Ainda no Rio de Janeiro, conheceu a escritora Maria Graham que estava morando no Brasil há cerca de dois anos. Além da publicação do retrato, Graham fez em seu livro a descrição mais conhecida e minuciosa que se tem de Maria Quitéria: "29 de agosto. - Recebi hoje uma visita de D. Maria de Jesus, jovem que se distinguiu ultimamente na guerra do Recôncavo. Sua vestimenta é a de um soldado de um dos batalhões do Imperador, com a adição de um saiote escocês, que ela me disse ter adotado da pintura de um escocês, como um uniforme militar mais feminino.

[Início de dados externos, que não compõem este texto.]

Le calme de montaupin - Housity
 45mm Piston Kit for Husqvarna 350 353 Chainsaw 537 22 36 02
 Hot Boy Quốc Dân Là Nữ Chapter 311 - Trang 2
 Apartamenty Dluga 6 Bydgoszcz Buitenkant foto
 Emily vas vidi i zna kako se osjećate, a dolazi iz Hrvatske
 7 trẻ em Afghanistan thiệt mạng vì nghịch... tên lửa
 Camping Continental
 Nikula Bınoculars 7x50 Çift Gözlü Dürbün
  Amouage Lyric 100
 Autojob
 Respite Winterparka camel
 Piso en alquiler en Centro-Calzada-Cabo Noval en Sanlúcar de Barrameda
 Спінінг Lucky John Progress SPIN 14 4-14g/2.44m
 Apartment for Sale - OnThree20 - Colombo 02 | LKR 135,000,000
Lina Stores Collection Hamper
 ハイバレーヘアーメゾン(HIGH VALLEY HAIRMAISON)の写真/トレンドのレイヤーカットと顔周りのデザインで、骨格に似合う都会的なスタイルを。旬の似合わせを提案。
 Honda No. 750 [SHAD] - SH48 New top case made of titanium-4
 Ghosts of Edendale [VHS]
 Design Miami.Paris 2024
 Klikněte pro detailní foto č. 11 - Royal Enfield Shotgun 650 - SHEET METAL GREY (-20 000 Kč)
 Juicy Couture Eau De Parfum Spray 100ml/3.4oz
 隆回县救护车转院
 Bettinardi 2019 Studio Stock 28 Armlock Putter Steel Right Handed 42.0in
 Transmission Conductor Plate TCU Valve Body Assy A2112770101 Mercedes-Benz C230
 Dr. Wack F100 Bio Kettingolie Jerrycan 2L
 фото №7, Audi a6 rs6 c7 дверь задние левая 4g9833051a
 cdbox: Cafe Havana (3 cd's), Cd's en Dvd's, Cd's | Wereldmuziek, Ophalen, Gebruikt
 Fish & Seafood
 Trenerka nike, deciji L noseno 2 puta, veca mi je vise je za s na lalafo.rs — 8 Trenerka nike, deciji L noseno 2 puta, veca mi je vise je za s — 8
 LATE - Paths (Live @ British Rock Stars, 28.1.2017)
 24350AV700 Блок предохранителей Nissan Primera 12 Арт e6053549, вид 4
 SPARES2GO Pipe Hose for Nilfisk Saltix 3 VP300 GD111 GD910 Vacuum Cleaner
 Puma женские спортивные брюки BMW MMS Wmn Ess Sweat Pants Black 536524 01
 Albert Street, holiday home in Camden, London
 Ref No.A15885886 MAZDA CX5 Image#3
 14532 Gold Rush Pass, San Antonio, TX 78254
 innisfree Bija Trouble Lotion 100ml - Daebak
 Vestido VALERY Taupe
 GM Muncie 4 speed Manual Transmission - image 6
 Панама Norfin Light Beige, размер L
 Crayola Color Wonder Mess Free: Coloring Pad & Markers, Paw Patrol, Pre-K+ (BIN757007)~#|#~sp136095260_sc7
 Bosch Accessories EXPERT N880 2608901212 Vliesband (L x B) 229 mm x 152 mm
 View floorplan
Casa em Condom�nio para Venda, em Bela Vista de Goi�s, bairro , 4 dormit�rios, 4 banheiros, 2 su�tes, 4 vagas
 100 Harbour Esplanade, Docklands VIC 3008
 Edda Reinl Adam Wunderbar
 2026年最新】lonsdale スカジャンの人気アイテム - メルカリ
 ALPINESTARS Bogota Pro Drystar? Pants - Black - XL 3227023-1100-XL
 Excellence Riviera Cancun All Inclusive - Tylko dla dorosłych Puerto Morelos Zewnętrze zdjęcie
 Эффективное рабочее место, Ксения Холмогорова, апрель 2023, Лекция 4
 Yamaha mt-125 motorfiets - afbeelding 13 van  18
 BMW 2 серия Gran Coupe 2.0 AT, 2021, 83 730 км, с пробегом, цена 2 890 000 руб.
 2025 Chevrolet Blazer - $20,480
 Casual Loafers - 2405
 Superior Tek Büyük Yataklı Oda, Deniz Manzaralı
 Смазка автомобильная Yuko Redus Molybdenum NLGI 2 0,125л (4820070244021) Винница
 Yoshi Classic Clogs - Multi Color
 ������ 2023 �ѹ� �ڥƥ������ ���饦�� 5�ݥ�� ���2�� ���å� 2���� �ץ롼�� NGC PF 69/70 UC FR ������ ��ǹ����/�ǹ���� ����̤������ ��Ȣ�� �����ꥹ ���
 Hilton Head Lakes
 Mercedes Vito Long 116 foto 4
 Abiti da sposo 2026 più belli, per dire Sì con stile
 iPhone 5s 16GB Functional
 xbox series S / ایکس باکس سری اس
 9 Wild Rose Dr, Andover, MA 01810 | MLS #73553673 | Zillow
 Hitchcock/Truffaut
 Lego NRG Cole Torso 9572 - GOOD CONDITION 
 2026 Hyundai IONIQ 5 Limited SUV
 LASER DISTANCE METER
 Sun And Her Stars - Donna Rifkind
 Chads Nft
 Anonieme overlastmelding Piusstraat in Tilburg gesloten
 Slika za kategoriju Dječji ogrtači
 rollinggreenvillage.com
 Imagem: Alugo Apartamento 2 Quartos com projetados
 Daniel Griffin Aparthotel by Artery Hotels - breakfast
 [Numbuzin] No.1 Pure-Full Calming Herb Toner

Que diriam a respeito os Gordons e os Mac Donalds? O traje dos velhos celtas, considerado um atrativo feminino?!", escreveu a admirada Graham no seu livro (Diário de uma viagem ao Brasil e de uma estada nesse país: durante parte dos anos de 1821, 1822 e 1823. Tradução: Américo Jacobina Lacombe. São Paulo: Companhia Editora Nacional, 1956).

"Ela é iletrada, mas inteligente. Sua compreensão é rápida e sua percepção aguda. Penso que, com educação, ela poderia ser uma pessoa notável. Não é particularmente masculina na aparência; seus modos são delicados e alegres. Não contraiu nada de rude ou vulgar na vida do campo e creio que nenhuma imputação se consubstanciou contra sua modéstia. Uma coisa é certa : seu sexo nunca foi sabido até que seu pai requereu a seu oficial comandante que a procurasse. Não há nada de muito peculiar em suas maneiras à mesa, exceto que ela come farinha com ovos ao almoço e peixe ao jantar, em vez de pão, e fuma charuto após cada refeição, mas é muito sóbria", escreveu a inglesa.

O fato de ter se disfarçado de homem para poder lutar na guerra, numa época em que a presença das mulheres no exército era proibida, certamente contribuiu para a popularidade de Maria Quitéria, que até hoje atrai a atenção de estudiosos, tanto com um viés patriota, como feminista ou, mais recentemente, de questões de gênero. Outras mulheres conhecidas, como a religiosa Joana Angélica (1761-1822), assassinada ao tentar impedir a entrada de militares portugueses à procura de rebeldes no Convento de Nossa Senhora da Conceição da Lapa, em Salvador, e Maria Felipa de Oliveira (?-1873), escravizada liberta que teria lutado contra os portugueses na Ilha de Itaparica, têm sido objeto de estudos recentes que também buscam identificar mais participantes do sexo feminino nas lutas pela independência.

Apesar de sua fama, Maria Quitéria, depois de seu momento de glória no Rio de Janeiro, voltou para a Bahia e passou a viver de sua pensão como alferes. Caiu no anonimato e pouco se sabe de sua vida depois que saiu do exército, apenas que se casou, teve uma filha e morreu pobre, em 1853, de uma inflamação no fígado.